- [SOURCE INFORMATION]:
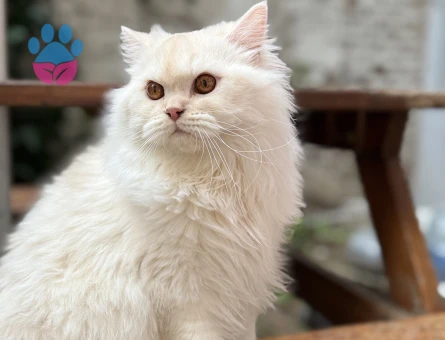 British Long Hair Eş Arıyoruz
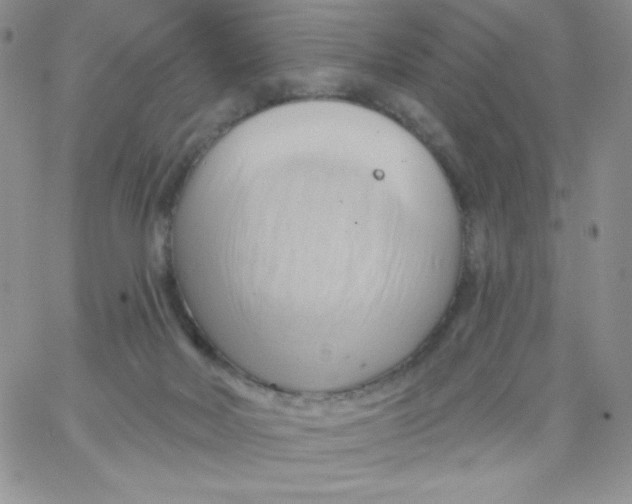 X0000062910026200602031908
* * *
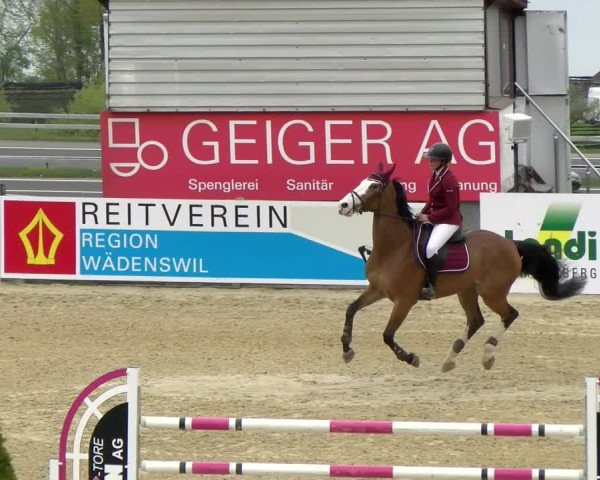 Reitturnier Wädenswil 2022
==
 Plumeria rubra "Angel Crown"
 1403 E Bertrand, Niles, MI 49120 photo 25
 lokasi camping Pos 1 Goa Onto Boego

- [REQUIREMENT]:
Using the entries above, extract exactly the span from the line with "1403 E Bertrand, Niles, MI 49120 photo 25" to the line with "lokasi camping Pos 1 Goa Onto Boego", both lines included; leave out everything else.

- [SOLUTION TO THIS EXERCISE]:
 1403 E Bertrand, Niles, MI 49120 photo 25
 lokasi camping Pos 1 Goa Onto Boego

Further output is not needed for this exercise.